Build the relevant reference file(s)

This example assumes hg19/GRCh37 without the 'chr' prefix). The following builds a reference containing the locations of relevant human repeatmasker annotations for discordant read pair discovery:

cd $TB/lib
./make_discref_hg19.sh

Additionally, it may be helpful to build a mappability index using the ./human_mappability.sh script, but it is not required for this example.

Run tebreak.py

Note that the BAM file ($BAM) passed to -b can be a comma delimited list of BAM files or a .txt file containing a list of BAM files.

$TB/tebreak/tebreak.py -b $BAM -r $REF -p $THREADS -d $TB/lib/hg19.te.disctgt.txt -m $TB/lib/hg19.centromere_telomere.bed --max_ins_reads 1000 --debug

Run resolve.py

This step annotates TE insertions based on a .fasta file containing insertion consensus sequences.
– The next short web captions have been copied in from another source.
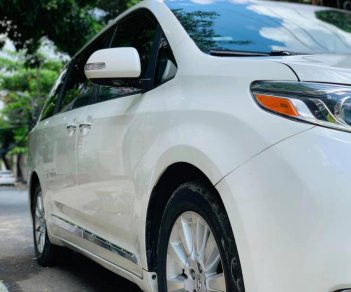 Toyota Sienna Limited 2013 - Bán Toyota Sienna Limited năm sản xuất 2013, màu trắng, nhập khẩu nguyên chiếc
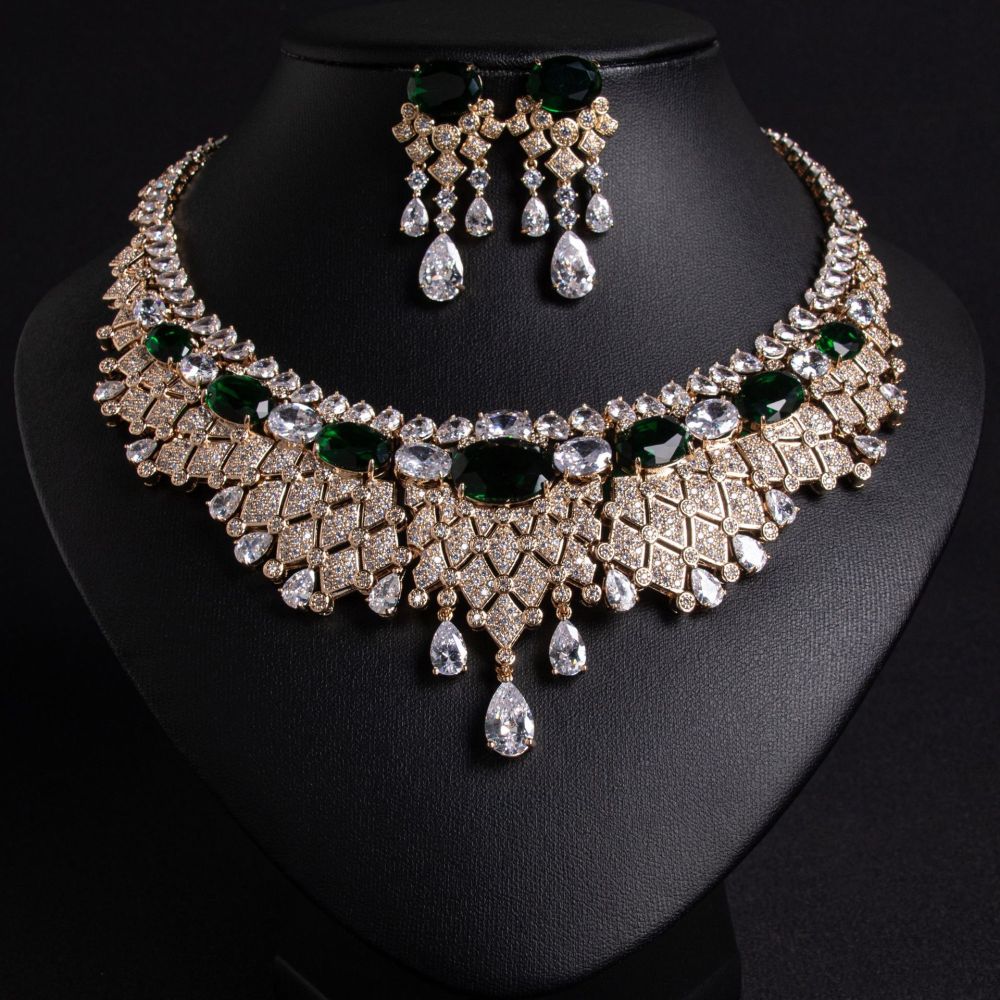 Luxurious Sparkling Jewelry Set Necklace Earrings Dinner Dress Elegant Fashionable Copper Zircon Heart Waterdrop Bell Pattern
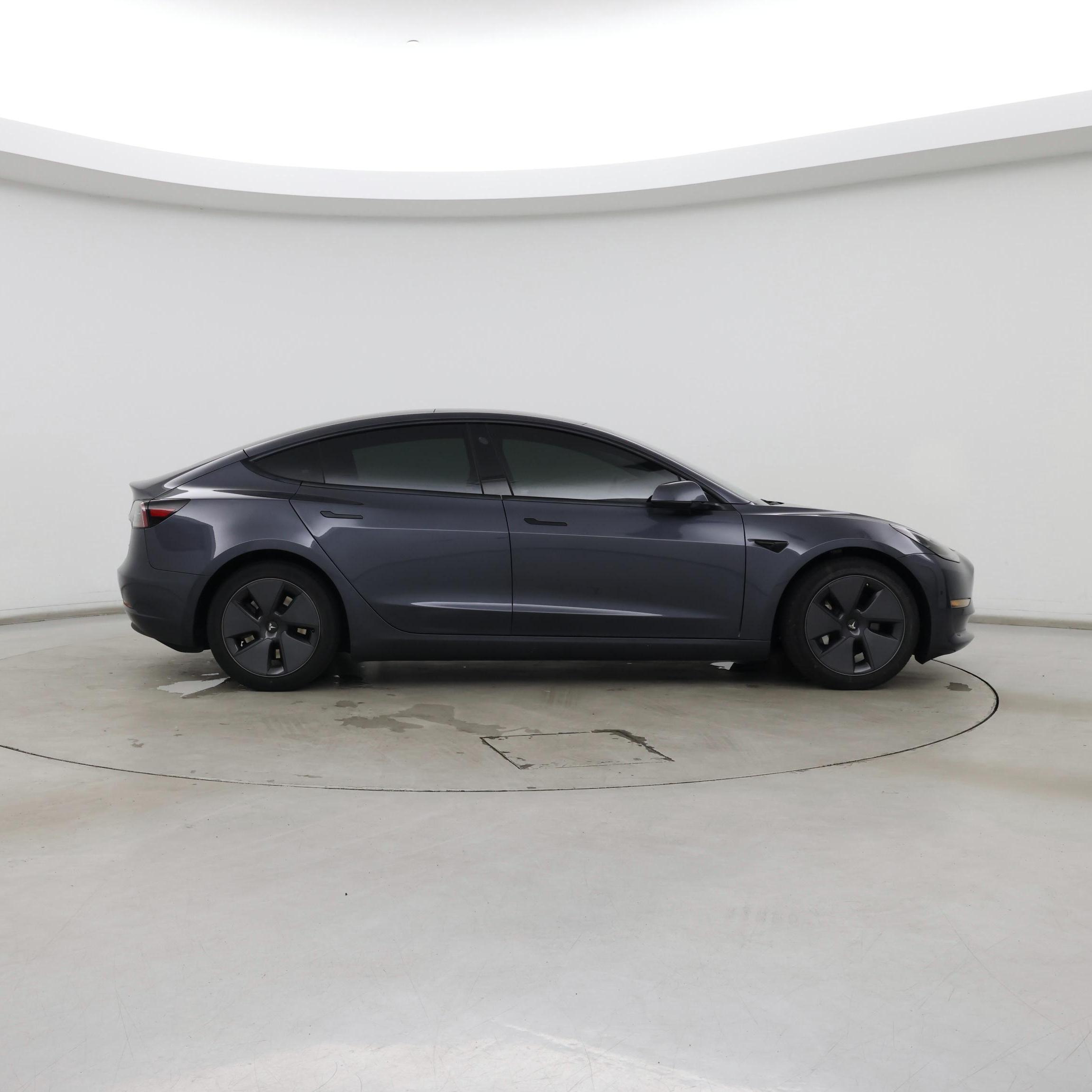 Thumbnail: 2023 Tesla Model 3 - 7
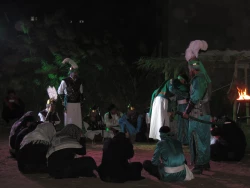 در ایام اربعین حسینی: 

نمایش هنری« آب و آینه»  باز خوانی عاشورای  حسینی  در کربلای معلا  6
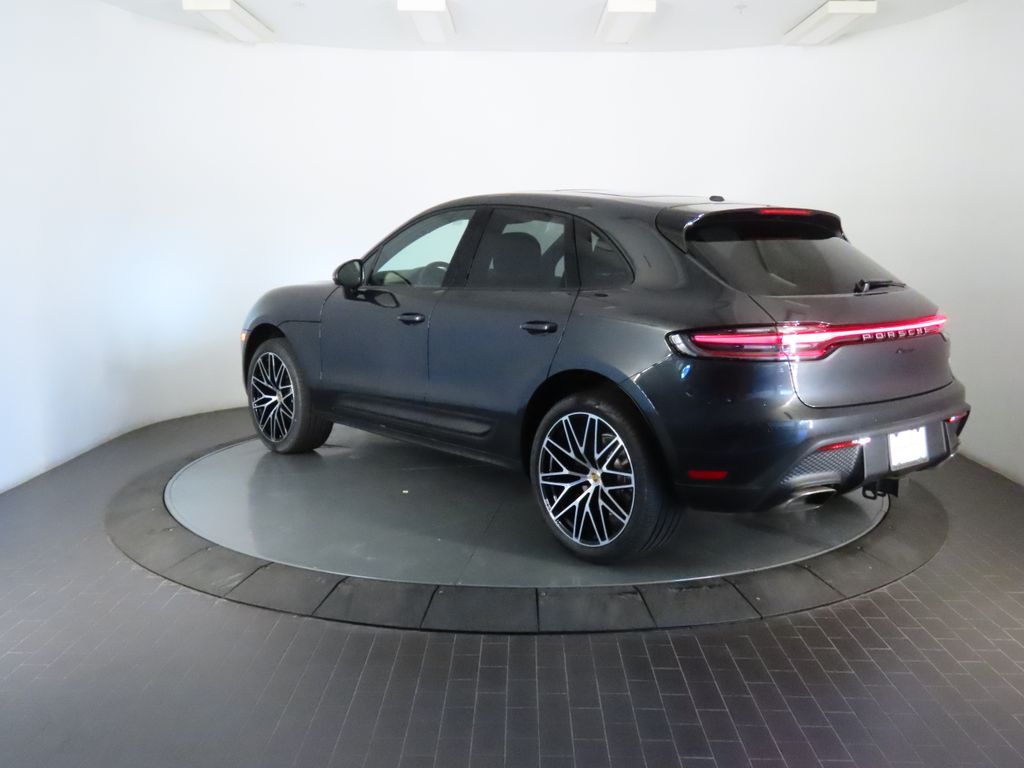 Thumbnail: 2026 Porsche Macan - 3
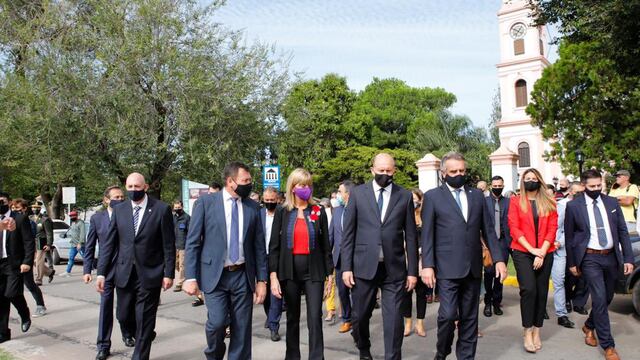 El gobernador Omar Perotti asistió al acto por el aniversario del Combate de San Lorenzo junto a la vicegobernadora Alejandra Rodenas, el intendente Leonardo Raimundo y el ministro de Defensa de la Nación, Agustín Rossi. (@prensasl)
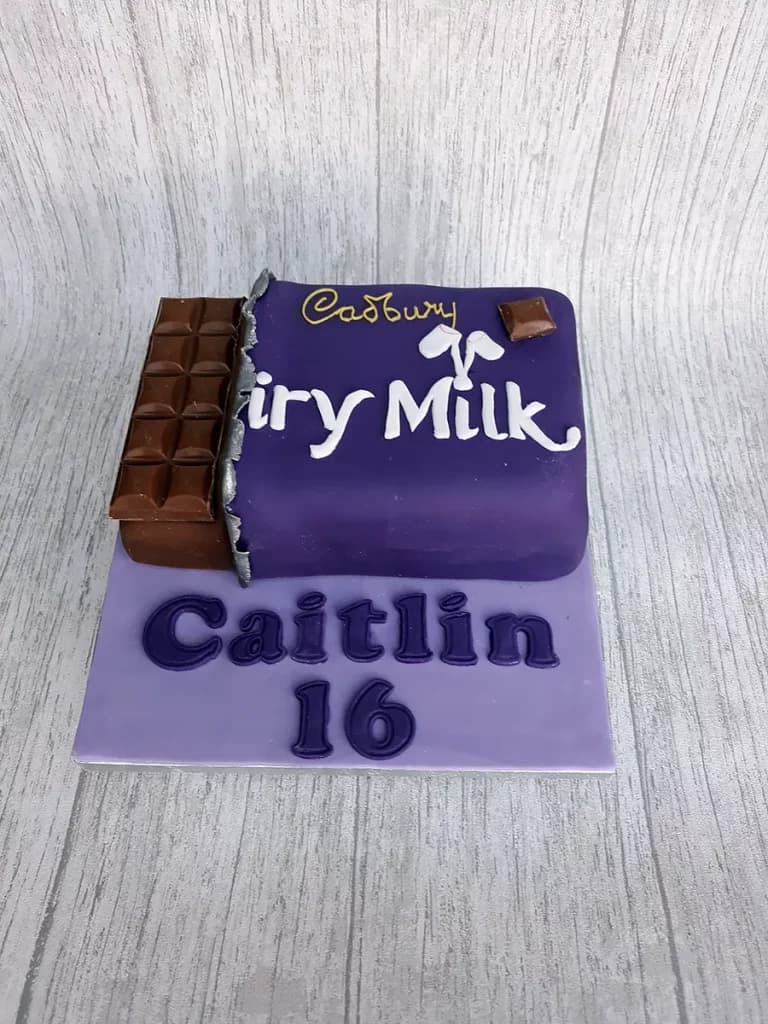 Character children's birthday cake by Thelwall Bakehouse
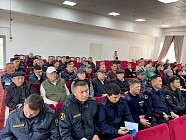 В Бишкеке поручили усилить охрану школ и в местах скопления людей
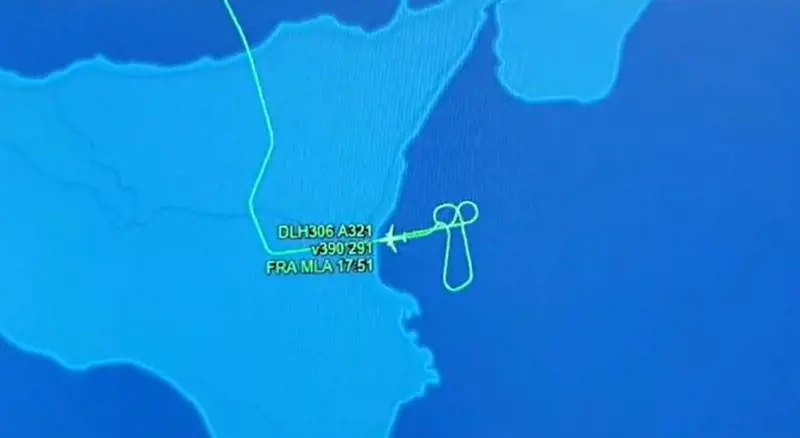 L’aereo viene dirottato su Malta, il pilota protesta con una manovra choc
This example is for human genomes, a refernce for mouse is also included. Let $PICKLE be the .pickle file generated by tebreak.py.

/path/to/tebreak/tebreak/resolve.py -p $PICKLE -t $THREADS -i $TB/lib/teref.human.fa --min_split 4 --min_discord 4

Filter the output

The results table output by resolve.py ($TABLE) will often contain false positives. To reduce these it is advisable to filter the output into a filtered table ('$FILTEREDTABLE`).

/path/to/tebreak/scripts/general_filter.py -t $TABLE -i $TB/lib/teref.human.fa -r $REF --numsplit 4 --numdiscord 4 > $FILTEREDTABLE

Annotate the output

Finally, a script is included to annotate the TEBreak table. A useful included annotation source is the list of known non-reference insertions detected in human (hg19/GRCh37 coordinates).

$TB/scripts/annotate.py -t $FILTEREDTABLE -x $TB/lib/nonref.collection.hg19.bed.gz -n KnownNonRef --nonref > $FINALTABLE

Getting help

Reporting issues and questions through github is preferred versus e-mail.

For additional documentation, please find the manual in the doc subdirectory.